§ **INSTRUCTIONS TO FOLLOW**
Find every line in the data that contains the word "Audi". Return each of those lines.

§ **MATERIAL FOR THE TASK**
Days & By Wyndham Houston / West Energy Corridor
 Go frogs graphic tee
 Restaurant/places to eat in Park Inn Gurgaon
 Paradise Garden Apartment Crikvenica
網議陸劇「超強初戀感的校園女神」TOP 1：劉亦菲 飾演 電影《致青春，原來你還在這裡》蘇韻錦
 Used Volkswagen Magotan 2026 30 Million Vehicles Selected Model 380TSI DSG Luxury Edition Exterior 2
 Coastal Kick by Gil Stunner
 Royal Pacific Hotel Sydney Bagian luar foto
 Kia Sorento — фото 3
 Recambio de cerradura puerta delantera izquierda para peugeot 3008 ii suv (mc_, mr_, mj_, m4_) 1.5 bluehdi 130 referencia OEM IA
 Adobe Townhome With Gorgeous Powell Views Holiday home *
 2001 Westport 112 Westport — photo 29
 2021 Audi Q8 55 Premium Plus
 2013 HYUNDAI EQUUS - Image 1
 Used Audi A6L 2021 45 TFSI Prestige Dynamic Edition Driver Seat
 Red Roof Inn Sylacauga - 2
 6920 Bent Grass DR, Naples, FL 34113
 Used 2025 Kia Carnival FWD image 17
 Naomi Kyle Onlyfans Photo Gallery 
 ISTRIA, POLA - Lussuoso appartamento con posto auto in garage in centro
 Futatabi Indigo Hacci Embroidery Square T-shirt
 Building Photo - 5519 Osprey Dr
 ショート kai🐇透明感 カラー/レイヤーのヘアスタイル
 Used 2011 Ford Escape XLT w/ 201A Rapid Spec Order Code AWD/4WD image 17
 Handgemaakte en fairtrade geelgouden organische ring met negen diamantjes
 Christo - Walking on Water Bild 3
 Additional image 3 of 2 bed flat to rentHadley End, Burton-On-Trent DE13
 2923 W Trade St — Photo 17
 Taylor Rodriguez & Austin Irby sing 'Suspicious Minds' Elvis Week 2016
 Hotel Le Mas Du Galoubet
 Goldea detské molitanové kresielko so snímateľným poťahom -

§ **REPLY TO THE TASK**
 2021 Audi Q8 55 Premium Plus
 Used Audi A6L 2021 45 TFSI Prestige Dynamic Edition Driver Seat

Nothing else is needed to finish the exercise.